(SUPPLIED MATERIAL Opens)

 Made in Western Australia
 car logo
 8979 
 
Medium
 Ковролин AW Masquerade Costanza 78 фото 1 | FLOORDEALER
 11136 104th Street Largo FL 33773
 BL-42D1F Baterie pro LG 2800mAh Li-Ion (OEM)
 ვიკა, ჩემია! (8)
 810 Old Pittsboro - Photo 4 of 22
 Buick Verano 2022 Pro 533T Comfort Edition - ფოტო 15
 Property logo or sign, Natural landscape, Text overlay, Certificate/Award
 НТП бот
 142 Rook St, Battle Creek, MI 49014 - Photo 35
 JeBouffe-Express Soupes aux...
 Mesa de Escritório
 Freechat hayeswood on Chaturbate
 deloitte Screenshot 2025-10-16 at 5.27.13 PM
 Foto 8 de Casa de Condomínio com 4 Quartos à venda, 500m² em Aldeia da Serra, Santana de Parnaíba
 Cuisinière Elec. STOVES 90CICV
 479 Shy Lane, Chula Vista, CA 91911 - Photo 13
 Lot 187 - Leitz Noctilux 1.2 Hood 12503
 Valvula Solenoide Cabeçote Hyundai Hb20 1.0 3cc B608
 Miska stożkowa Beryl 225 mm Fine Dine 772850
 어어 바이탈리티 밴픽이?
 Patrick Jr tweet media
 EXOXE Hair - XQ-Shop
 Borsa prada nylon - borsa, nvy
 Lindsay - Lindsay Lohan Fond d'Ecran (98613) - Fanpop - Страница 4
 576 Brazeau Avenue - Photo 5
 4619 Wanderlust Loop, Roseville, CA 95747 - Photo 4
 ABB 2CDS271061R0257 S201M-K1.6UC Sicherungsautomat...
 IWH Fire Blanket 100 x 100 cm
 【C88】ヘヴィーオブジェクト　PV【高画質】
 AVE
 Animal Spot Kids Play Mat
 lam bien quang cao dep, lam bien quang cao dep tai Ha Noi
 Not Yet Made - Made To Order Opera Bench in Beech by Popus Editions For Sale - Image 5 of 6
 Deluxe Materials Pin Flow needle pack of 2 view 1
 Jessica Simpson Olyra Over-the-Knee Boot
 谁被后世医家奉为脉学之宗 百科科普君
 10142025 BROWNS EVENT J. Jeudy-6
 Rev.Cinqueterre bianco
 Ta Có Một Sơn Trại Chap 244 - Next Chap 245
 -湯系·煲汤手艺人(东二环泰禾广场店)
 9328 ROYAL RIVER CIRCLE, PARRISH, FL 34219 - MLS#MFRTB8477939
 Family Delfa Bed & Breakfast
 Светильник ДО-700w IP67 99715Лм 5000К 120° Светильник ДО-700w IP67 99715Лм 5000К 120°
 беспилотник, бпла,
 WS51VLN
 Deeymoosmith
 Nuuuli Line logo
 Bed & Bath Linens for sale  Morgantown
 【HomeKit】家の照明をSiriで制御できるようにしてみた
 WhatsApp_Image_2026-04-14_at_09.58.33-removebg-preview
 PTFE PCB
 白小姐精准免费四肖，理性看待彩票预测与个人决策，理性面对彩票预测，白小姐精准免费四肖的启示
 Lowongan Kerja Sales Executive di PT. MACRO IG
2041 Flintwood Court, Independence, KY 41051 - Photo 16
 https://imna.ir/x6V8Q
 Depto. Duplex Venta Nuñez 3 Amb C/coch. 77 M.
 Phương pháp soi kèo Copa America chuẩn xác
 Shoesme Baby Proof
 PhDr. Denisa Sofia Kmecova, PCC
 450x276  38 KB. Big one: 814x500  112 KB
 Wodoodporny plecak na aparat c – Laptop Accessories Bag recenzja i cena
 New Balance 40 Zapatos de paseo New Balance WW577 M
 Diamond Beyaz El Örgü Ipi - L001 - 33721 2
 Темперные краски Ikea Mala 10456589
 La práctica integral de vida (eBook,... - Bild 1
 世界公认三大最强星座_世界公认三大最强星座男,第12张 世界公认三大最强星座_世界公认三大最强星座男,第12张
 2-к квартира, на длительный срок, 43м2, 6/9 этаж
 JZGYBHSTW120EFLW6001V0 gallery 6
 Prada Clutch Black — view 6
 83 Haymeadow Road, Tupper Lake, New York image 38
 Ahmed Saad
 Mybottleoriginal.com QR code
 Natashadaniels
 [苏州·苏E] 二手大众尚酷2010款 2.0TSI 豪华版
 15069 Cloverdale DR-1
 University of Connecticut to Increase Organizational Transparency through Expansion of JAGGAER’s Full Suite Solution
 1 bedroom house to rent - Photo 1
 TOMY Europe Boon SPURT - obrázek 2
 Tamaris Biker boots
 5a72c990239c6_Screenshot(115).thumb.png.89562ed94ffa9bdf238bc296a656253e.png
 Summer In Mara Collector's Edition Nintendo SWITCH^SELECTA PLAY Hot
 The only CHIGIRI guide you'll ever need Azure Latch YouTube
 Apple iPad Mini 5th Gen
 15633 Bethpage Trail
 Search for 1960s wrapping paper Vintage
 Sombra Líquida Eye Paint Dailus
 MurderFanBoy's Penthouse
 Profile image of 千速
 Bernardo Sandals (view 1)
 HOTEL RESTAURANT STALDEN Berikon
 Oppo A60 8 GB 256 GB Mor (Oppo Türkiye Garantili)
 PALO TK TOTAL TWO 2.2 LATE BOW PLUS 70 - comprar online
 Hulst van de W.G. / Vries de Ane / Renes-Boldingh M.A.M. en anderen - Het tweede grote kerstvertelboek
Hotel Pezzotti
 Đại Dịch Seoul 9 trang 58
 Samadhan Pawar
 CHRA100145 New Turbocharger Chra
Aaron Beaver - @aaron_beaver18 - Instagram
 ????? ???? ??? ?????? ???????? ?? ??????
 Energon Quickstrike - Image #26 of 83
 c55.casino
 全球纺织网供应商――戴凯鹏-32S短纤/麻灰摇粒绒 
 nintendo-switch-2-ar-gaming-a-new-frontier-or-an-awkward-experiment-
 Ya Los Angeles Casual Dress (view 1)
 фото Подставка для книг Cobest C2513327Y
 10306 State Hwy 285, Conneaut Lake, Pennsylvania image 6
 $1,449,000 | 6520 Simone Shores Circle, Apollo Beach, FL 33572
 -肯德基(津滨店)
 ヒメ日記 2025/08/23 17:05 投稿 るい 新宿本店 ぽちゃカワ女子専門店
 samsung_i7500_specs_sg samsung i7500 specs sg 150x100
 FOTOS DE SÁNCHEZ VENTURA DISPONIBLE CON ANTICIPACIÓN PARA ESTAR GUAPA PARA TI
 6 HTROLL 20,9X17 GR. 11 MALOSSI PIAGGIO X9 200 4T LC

(SUPPLIED MATERIAL Closes)

Everything from the line containing "白小姐精准免费四肖，理性看待" through the line containing "Phương pháp soi kèo Copa America chuẩn xác" in the material above should be retyped exactly, both ends included, and nothing more.

 白小姐精准免费四肖，理性看待彩票预测与个人决策，理性面对彩票预测，白小姐精准免费四肖的启示
 Lowongan Kerja Sales Executive di PT. MACRO IG
2041 Flintwood Court, Independence, KY 41051 - Photo 16
 https://imna.ir/x6V8Q
 Depto. Duplex Venta Nuñez 3 Amb C/coch. 77 M.
 Phương pháp soi kèo Copa America chuẩn xác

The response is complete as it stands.